Christian Formation - Part of St. Mark Venice 1846 by John RuskenThe Faith of Generations

By Ben Menghini
Director of Children, Youth, and Family Ministry

Greetings First Presbyterians,

After the rush of Christmas and New Year’s, you might think that it is time for a break, but the Christian Education Committee is plotting new ways to be busy in 2019. We’re putting it all on the table, from the youth ski trip and special children’s classes to mission and interfaith excursions and youth-led worship. The scope of our focus on children, youth, and families is so wide that we have asked all committees and members of the church to commit some of their vitality toward this mission.

“Legacy” is an important idea for a congregation that is committing its full focus and energy to reach children, youth, and families. As we make decisions we attempt to be aware of how the outcomes will affect the future of this congregation. What can we leave for the next generation, how can we equip them and leave them the resources to continue our tradition of faith? These are old questions that have defined the church for the better parts of its 2,000-year history. The questions of what an older generation passes on to the younger generation, and how, is a part of how we define what the church is itself. What stories do we tell our younger generations about who we are?

On the first Sunday of every month as we celebrate Lord’s Supper we recite an ancient statement of faith called the Nicene Creed. The Nicene Creed gives four signs of the church: one, holy, catholic, and apostolic. Swiss theologian Hans Kung says “unity, holiness, catholicity, and apostolicity are therefore not only gifts, granted to the Church by God’s grace, but at the same time tasks which it is vital for the church to fulfill in a responsible way.” Reciting the Creed fulfills three of the signs prescribed: it helps us to be one (united in thought and purpose), catholic (meaning universal), and apostolic (following the tradition handed down from the first apostles). Indeed, the recitation of the Creed connects us not just with Christians from around the world who share the creed, but also with Christians throughout time; we share the words of the Creed with the generations before and after us as branches of a tree growing from the same roots.

The Church is what it was. Our tradition reminds us that we are not alone. Many Christians have come before us and have encountered difficulties while trying to be the church. We have the blessing of their wisdom and perseverance. Just as with the Creed, we are united with them throughout time, wherever we gather. Martin Luther reminds us that “anywhere you hear or see such a word preached, believed, confessed, and acted upon, do not doubt that the true holy catholic church, a ‘holy Christian people’ must be there, even though there are very few of them.”

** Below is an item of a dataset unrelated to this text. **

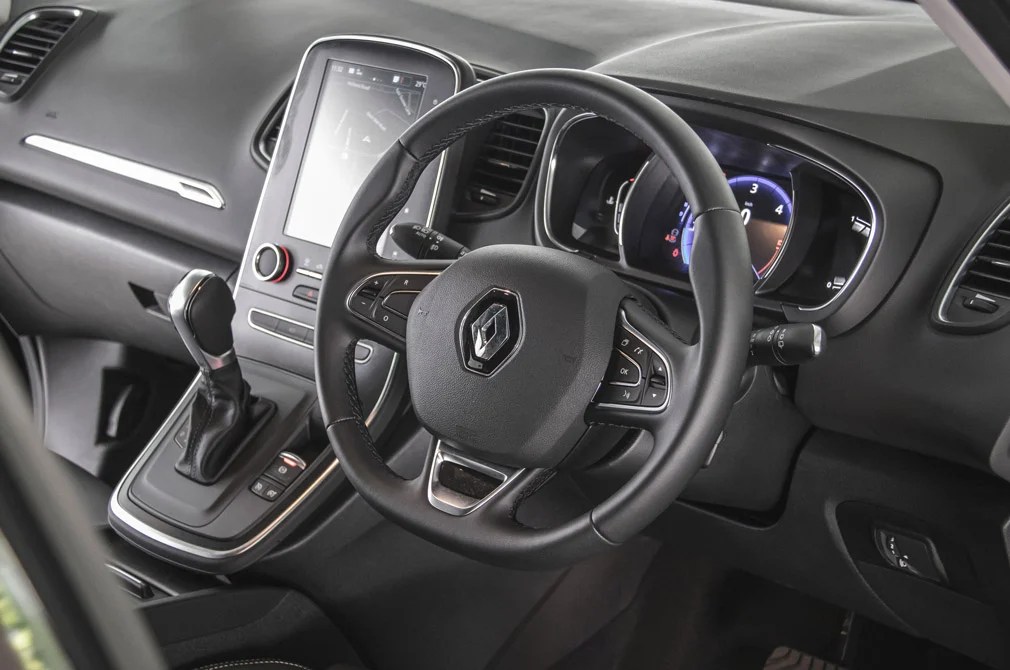 Peugeot 5008 takes on the Renault Grand Scenic Torque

The Church is what it is. Theologian Letty Russell says that “the church that is, needs to strive to be a community of faith in Christ and to struggle for God’s justice so that the present reality of the church can express God’s love and care for the world.” The holiness of the church is found in the present in the church’s struggle to establish a more just and merciful world through the outpouring of God’s grace in our ministries. The Presbyterian Pantry is a great example of the church becoming fully present in the community it is currently ministering to.

The Church is what it will be. This is the gift of legacy that we hope to offer younger generations. Letty Russell says that “the church lives by the promises of God’s future and celebrates those promises in its worship and its actions of justice and love in the world.” This is an eschatological church, which means a church that is always looking toward God’s promise for the future and acts confidently in the assurance that the church belongs to God and will one day realize God’s purposes. Although currently imperfect and frequently coming up short, our efforts are recognized and God’s commitments will come to fruition.

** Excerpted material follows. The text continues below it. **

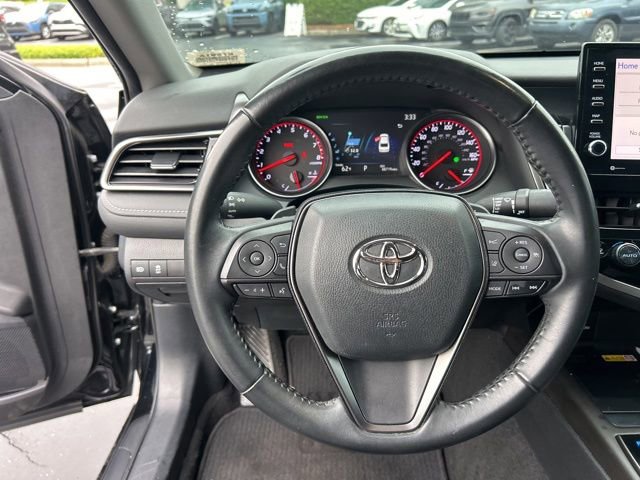 Used 2022 Toyota Camry XSE FWD image 19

What does history and theology of the meaning of the church have to do with our everyday life in this congregation? How does all of this help us to be a community of faith that witnesses to the good news of Jesus Christ in Green Bay? The problem we seek to address is laid out by reformed worship theologian Hughes Old in this way:

Millions of us today have a sense of being alienated. We have a feeling of being left alone in this world, orphaned, divorced, or abandoned. The extended family is a relic of the past. We don’t even know who our neighbors are anymore… The best we can hope for is a nuclear family or a close community of friends, but more and more our social life has denigrated into living in isolation.

Our response to the modern world of isolation must be inclusion and strong relationships. A great testament to God’s love that the church can offer is to be a radically open and welcoming place.

For a church like First Presbyterian, I believe one of the best ways to deal with this sense of loneliness and to focus on the legacy of the church as what it will be, is to encourage the involvement of grandparents in faith formation.  Church Engagement Specialist at the Fuller Youth Institute Matthew Deprez says “the grandparent-grandchild relationship is unique since it is one of the only natural relationships that exist for individuals two generations removed.” The distinctive potential in this relationship is one that can thrive outside of Sunday mornings, and it is a connection that is sorely desired. In a study by Bly and Bly (2003) grandchildren were asked what they would change about their relationship with their grandparents, and a whopping 90% answered that they would live closer to the grandparents. Regarding the other 10%, the inquiry revealed that those grandchildren already lived nearby their grandparents, or in the same home.

Grandparents are exceptionally suited to influence the faith formation of their grandchildren. Storytelling and family history are important ways for children to form roots and feel connected and is at the very heart of their relationship with their grandparents. Grandchildren who have a close relationship with their grandparent will look to them for guidance, and the grandparent is then able to model behavior to their grandchildren, such as faithful church attendance or prayer. It is important for grandchildren to see their grandparents engaging in these activities, and it is also important for them to see that the grandparent’s behavior is genuine. Kids will sniff out insincerity and are more likely to hold onto behaviors that they sense come out of sincere conviction, rather than obligation.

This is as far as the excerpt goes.